Minderheit der Rohingya ist von Wahlen in Myanmar ausgeschlossen
KNA 06.11.2015
Von Michael Lenz (KNA)
Rangun (KNA) "Rohingya sind keine eigene Ethnie." Ein westlicher Diplomat in Rangun spricht aus, was viele denken, aber nicht offen zu sagen wagen. Denn das würde einer Legitimierung der massiven Menschenrechtsverletzungen Myanmars an dieser Gruppe nahekommen. Während die Muslime in Rakhine, die sich Rohingya nennen, von ihrer tausendjährigen Geschichte samt eigenem Königreich sprechen, sind sie für die Birmaner lediglich "Bengali": illegale Einwanderer aus Bangladesch, dem ehemaligen Bengalen.
Arakan, das 1974 in Rakhine umbenannt wurde, war seit 1430 ein mächtiges buddhistisches Königreich. Es grenzte im Westen an das frühere, von muslimischen Sultanen beherrschte Bengalen - und östlich der 3.000 Meter hohen Arakan-Bergkette an das buddhistische Königreich Birma im Osten. Die Beziehungen Arakans zu Sultanen in Bengalen waren eng, der kulturelle Austausch so rege, dass die buddhistischen Könige auch islamische Titel trugen. "Damals waren Muslime sowohl als Bürger wie als Immigranten willkommen", erklärt U Nyunt Maung Shein, Präsident des Rates für islamische Angelegenheiten in Myanmar.

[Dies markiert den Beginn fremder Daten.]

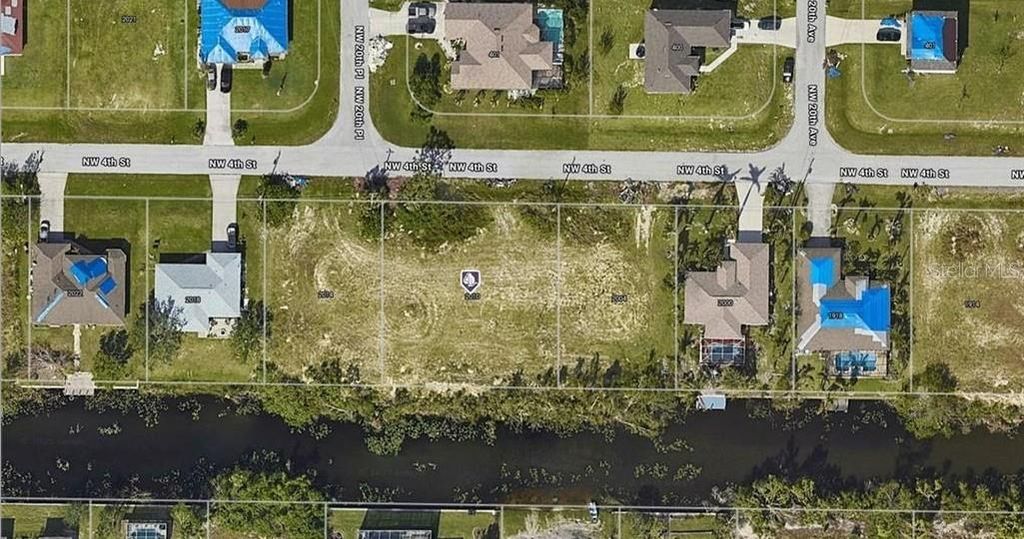 Photo of 2010 NW 4th Street, Cape Coral, FL 33993 (MLS # A4669503)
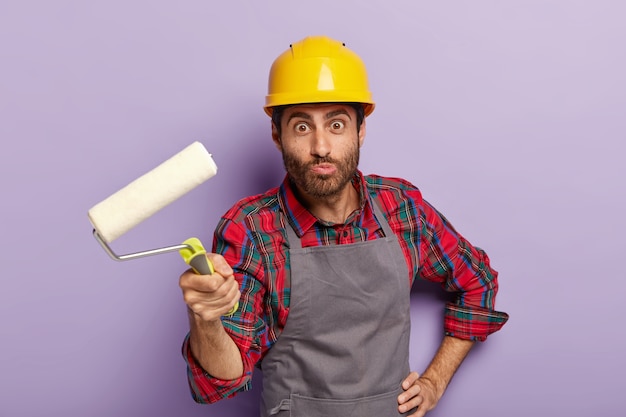 Free photo funny repairman wears hardhat, apron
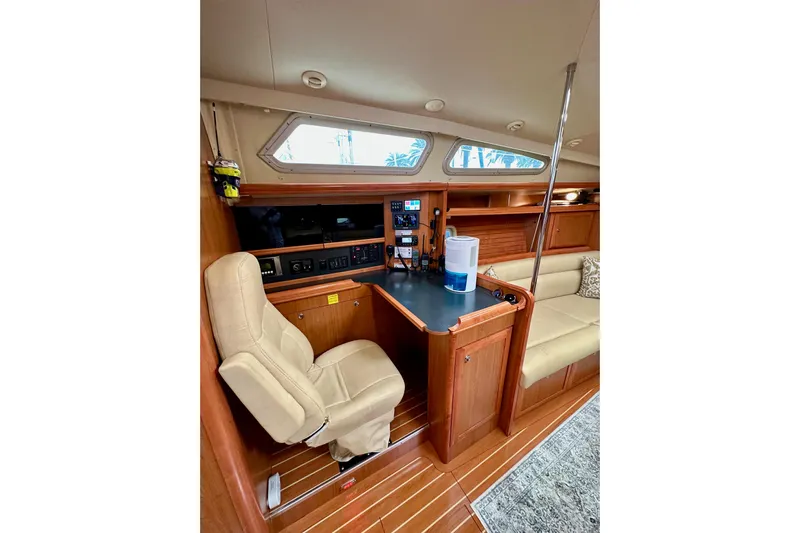 Dasananas Yacht Photos Pics Interior of 2008 Hunter 49 yacht with navigation station and seating area.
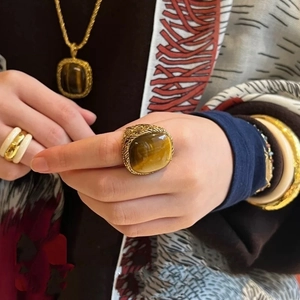 French vintage gold ring with pink crystal and turquoise stone in a retro design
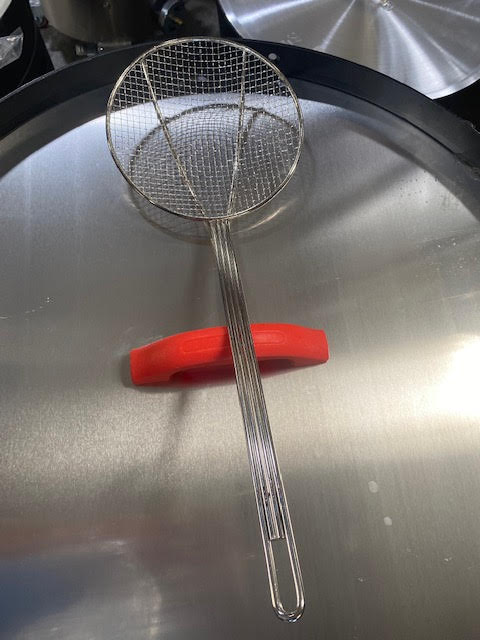 Cajun Cookware 6” Wire Skimmer on stainless steel surface for cooking and frying outdoor foods.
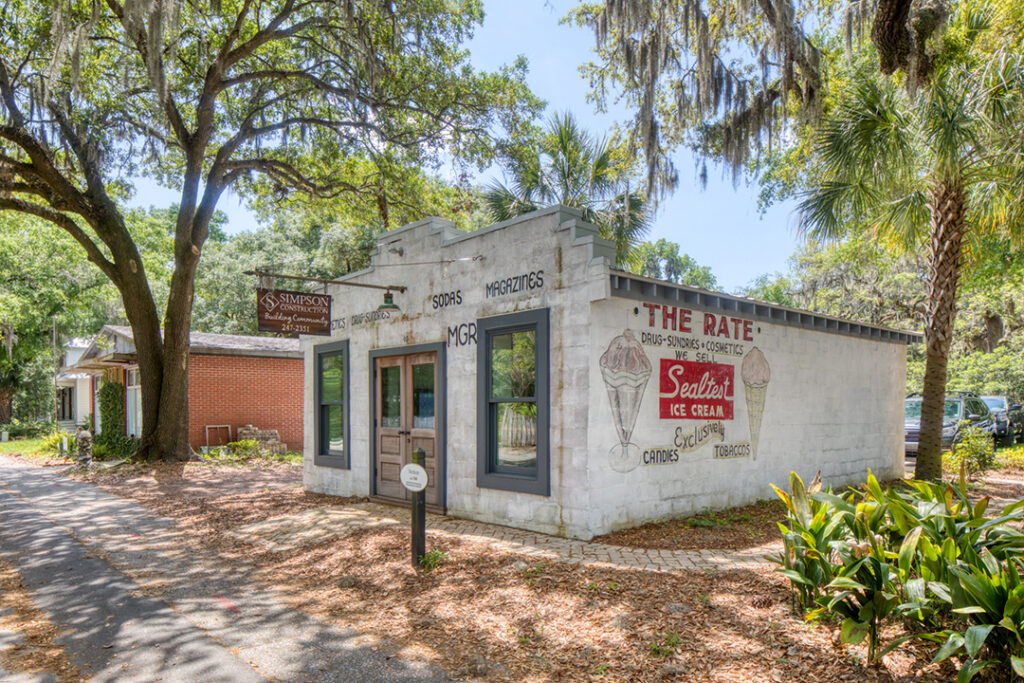 Side view of small brick building with sign reading "The Bluff."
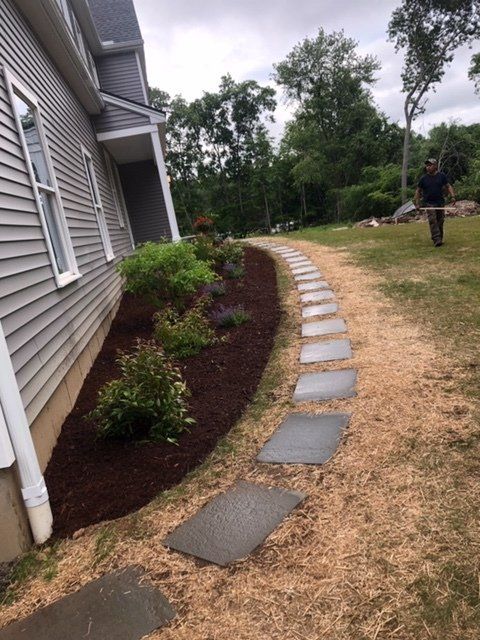 Pathway of stepping stones, mulch-lined flower bed, and a person raking grass near a house.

Ende des 18. Jahrhunderts wurde Arakan dann von Birma erobert. Doch schon kurze Zeit später, 1824, tauchte die Kolonialmacht Britannien auf und verleibte Arakan und Birma ihrem indischen Empire ein. In der Folge strömten Inder als Arbeiter aber auch Beamte und Soldaten in britischen Diensten nach Arakan und Birma ein. Zeitweise stellten die zum Großteil muslimischen Migranten die Bevölkerungsmehrheit in den indischen Metropolen Arakan und Rangun. "Aus dieser kolonialen Zeit rührt die Angst der buddhistischen Birmaner vor einer muslimischen Überfremdung", erläuterte Richard Cockett vor wenigen Tagen in Bangkok bei der Vorstellung seines Buches "Wie die Vergangenheit Myanmars seine Zukunft nach der Wahl formt".
Nach dem Zweiten Weltkrieg erbten die nun unabhängigen ehemaligen Kolonien Südostasiens von den Briten ein buntes Völkergemisch. Während die "neuen Eliten" in Malaysia und Singapur die Dominanz der jeweiligen Mehrheitsethnien durch ein maßgeschneidertes Wahlrecht sicherten, "wählten die "postkolonialen Militärregierungen von Myanmar eine andere Strategie", so Cockett, früher Südostasien-Korrespondent der Zeitung "The Economist". "Sie wollten die plurale Gesellschaft auflösen, indem sie nach 1962 Hunderttausende Chinesen und Inder aus dem Land jagten und ethnische Völker wie die Karen oder Kachin mit Militärgewalt birmanisieren wollten."
In mehreren Säuberungswellen wurden auch die arakanesischen Muslime zu Hunderttausenden über die Grenze nach Bangladesch vertrieben. Dort waren sie aber ebenfalls nicht willkommen - und wurden zurück in das heutige Rakhine geschickt. Dort gelten sie jetzt als illegale Einwanderer.
Als "Rohingya" bezeichnen sich die muslimischen Arakanesen erst seit den 1950er Jahren - als Reaktion auf die zunehmende Unterdrückung durch die dortigen Buddhisten. Die "Erfindung" als eigenes Volk war von der Hoffnung auf Anerkennung als "nationale Ethnie", wie es im birmanischen Staatsbürgerrecht heißt, geprägt. Als "hybrid" beschreibt der deutsche Myanmar-Experte und Theologe Hans-Bernd Zöllner in seiner Abhandlung "Die Rohingyas - Konstruktion, De-Konstruktion und Re-Konstruktion einer ethnisch- religiösen Identität" die "Erfindung der Ethnie Rohingya".
Anders aber als andere Gruppen mit "hybrider Identität" - wie etwa Palästinenser oder Kurden, "die seit Jahrzehnten um ihre Anerkennung als Nation kämpfen", so Zöllner, hätten die Rohingya aus sich heraus noch keine zivile Organisation bilden können. Daher sei die "Rohingya-Identität mehrheitlich fremdbestimmt"; und zwar sowohl in ihrer negativen Version - dem Ausschluss aus dem Staat Myanmar/dem Arakan - als auch in ihrer positiven Version: der Unterstützer aus dem In- und Ausland.